Whether you know it or not, you’re in the data business. As our lives continue to migrate to the Internet – combined with 5 billion mobile phones by 2017 – we’re producing a constant stream of digital exhaust. In fact, 90% of the world’s stored data has been produced within the last two years, and this data footprint continues to double each year. The result is a rapid expansion of data, and we’re witnessing the “Big Bang of the dataverse,” which is truly the next new frontier. Your company is inevitably part of this data ecosystem and, without a method of harnessing the information, you cannot make smarter business decisions.
As the cliché goes, “data is the new gold.” The world generates exponential data and, at the same time, everyone wants an extra edge. Intuition, gut feeling or common sense rules are useful, but not enough. Data lets organizations understand clients, products and processes much better. For example, Rolls Royce has data scientists analyzing airplane engines data to determine when to schedule maintenance, and L’Oréal has data scientists studying the effect of several cosmetics on several types of skins.
No matter how data savvy you are, it can be a daunting task to deal with big data, which is why it’s important to employ staff that can specifically tackle this huge feat. Can your current data analysis team accomplish what you need?
The term “data science” has been thrown around industry news a lot lately, and for good reason; it’s one of the hottest new professions and academic disciplines. But, what does it really mean? More specifically, what does it mean for your company?
Data Science vs. Statistical Analysis
Data science differs from traditional statistical analysis and computer science in that scientific method is applied with data collected using scientific principles.
The reason for the growing need for this new approach is related to big data, which requires the use of a very different technology stack than statistical analysis. In other words, statisticians from 20 years ago would not be required to analyze massive data sets on the almost real-time scale that’s often required by today’s business applications.
Boiled down, it’s the difference between being able to explain what data means now and predicting what a data set could mean in the future.
Traditional data analysis in companies has typically been implemented to explain trends in data by extracting interesting patterns from individual data sets with well-formulated queries.
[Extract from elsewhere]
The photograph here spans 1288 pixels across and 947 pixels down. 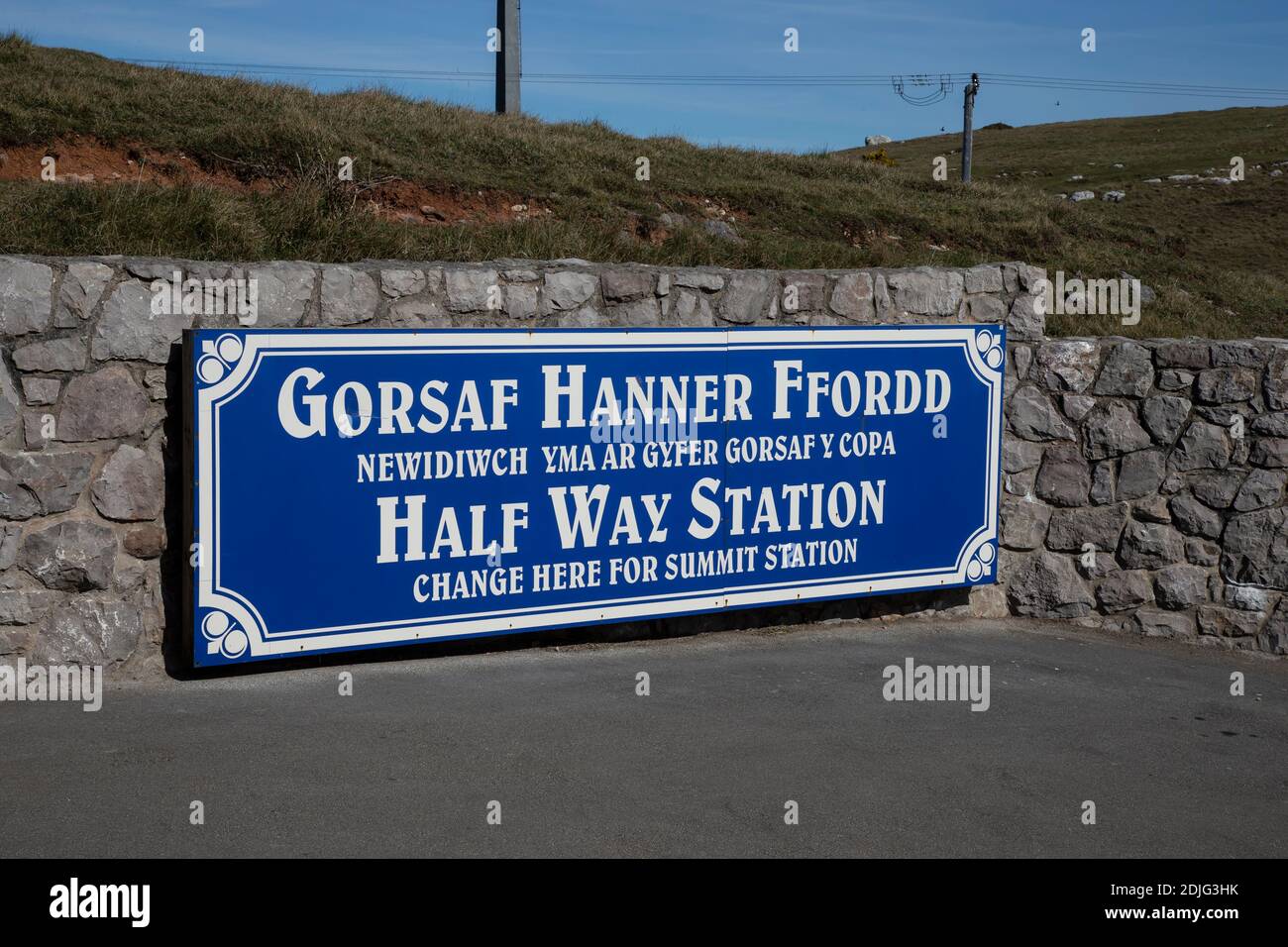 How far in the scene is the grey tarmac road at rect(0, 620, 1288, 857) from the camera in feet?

However, data science is seeking to uncover actionable knowledge from large, unwieldy data sets that can be used to make decisions and predictions, not just interpret numbers.
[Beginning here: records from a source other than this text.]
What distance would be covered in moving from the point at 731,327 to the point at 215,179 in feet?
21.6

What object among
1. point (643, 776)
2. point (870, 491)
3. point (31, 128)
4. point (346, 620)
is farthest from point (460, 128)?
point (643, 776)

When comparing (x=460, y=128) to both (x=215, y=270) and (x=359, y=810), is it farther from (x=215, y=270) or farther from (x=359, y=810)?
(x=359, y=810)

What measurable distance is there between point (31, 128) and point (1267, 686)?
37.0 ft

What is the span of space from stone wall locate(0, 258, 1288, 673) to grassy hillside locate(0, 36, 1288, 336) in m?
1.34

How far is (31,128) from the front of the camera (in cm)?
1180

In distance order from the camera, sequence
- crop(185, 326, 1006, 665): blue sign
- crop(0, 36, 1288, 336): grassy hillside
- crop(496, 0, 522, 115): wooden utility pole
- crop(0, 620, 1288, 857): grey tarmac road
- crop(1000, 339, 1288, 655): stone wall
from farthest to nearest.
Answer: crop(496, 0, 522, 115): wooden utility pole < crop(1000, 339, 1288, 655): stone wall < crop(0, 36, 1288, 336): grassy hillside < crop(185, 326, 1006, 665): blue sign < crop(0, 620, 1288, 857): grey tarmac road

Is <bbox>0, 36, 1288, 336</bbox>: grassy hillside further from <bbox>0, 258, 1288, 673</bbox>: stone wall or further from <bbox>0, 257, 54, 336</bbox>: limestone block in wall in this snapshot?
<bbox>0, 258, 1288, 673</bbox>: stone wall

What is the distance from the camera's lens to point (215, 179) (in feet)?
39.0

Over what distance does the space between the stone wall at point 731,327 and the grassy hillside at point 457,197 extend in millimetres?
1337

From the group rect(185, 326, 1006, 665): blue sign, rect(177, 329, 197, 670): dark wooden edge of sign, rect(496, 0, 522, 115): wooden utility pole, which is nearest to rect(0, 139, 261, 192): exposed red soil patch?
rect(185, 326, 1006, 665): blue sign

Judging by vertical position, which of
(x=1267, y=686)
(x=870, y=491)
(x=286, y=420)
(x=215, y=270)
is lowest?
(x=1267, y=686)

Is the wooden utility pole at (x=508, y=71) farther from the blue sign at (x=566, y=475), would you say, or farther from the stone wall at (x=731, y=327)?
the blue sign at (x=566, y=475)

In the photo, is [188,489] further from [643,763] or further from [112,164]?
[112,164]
If you want to start making more long-term decisions and predictions by exploring the big data your company is generating, then you might want to consider adding data science into the mix.
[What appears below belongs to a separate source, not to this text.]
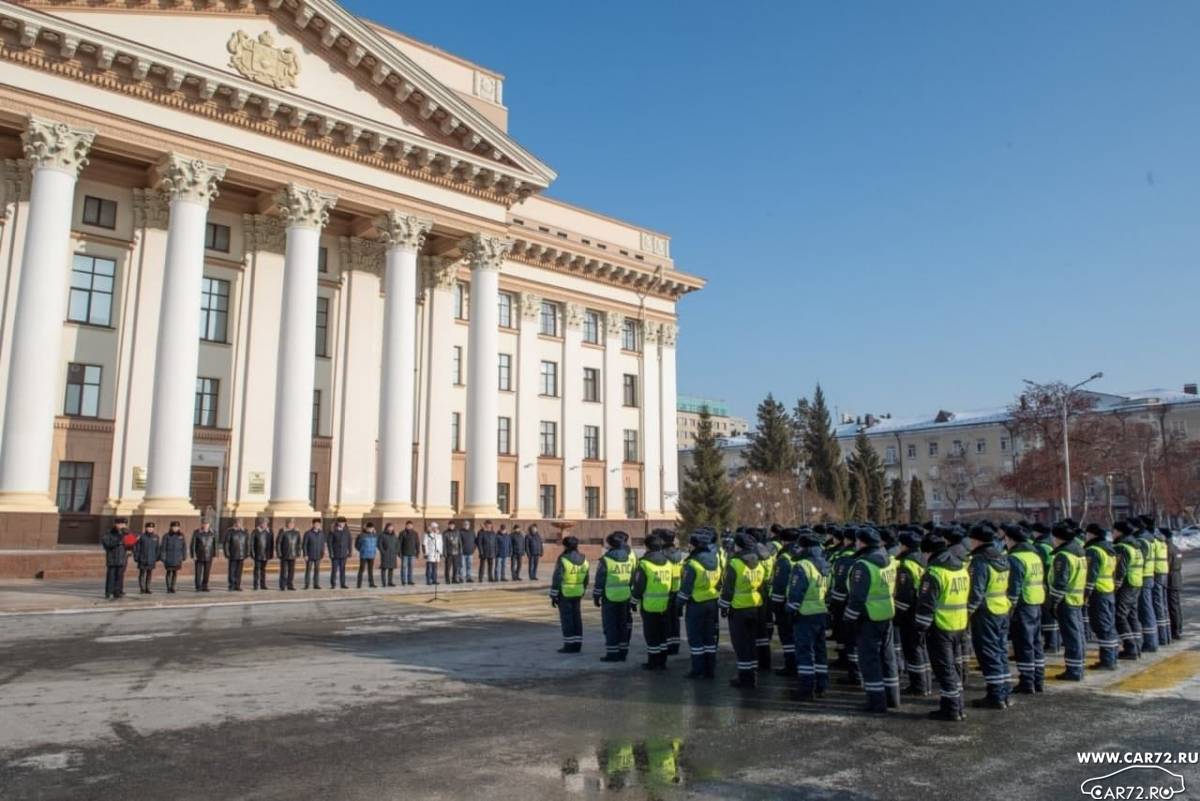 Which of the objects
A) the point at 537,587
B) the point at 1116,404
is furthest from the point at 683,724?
the point at 1116,404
Do you need a data scientist?
While the career path of a data analyst and traditional statistician is well trodden, that of a data scientist is still unpaved. The profession is on the rise, so it’s important to know what to look for in hiring a data scientist.
While not all universities offer degrees specifically in data science yet, a common requisite background for a data scientist is engineering, and a Ph.D. is often required. At its core, data science is the intersection of computer science and statistics, so candidates should also have good computer science skills – including data structures, algorithms, systems and scripting languages – as well as a solid understanding of correlation, causation and related concepts which are central to modeling exercises involving data. Ultimately, it’s about understanding business challenges, so effective data scientists should also have business acumen, collaboration skills and creativity.
Similar to computing, data science can be applied to many domains of knowledge, and not restricted to one industry, as traditional analytics tend to be. While domain expertise is imperative to identify problems specific to your industry and company, the understanding and experience in extracting knowledge from many different domains often provides a much greater scope of insight.
As the dataverse continues to expand, data scientists must be increasingly familiar with using artificial intelligence, particularly machine learning, in order to do what humans cannot. The job typically requires five different types of tasks: data cleaning, asking questions, analyzing from data using statistics and machine learning models, visualizing results, and improving upon models and algorithms to yield better results and execution.
However, while big data is often too much for humans to analyze in a timely manner, computers still cannot provide the nuanced comprehension and analysis that a trained professional can. It’s important to hire a data scientist with domain expertise in your business who can effectively use machine learning to identify commonalities across diverse challenges.
This job cannot be done with strict human intelligence or machine work alone. The beauty of this role is that it needs both – and the person who can do that is who you’re looking for in a data scientist.
As our lives continue to go digital, it’s crucial for your organization to embrace a science-based philosophy for making data-driven decisions. As the dataverse continues to grow, you’re increasingly dealing in the business of data, whether you like it or not.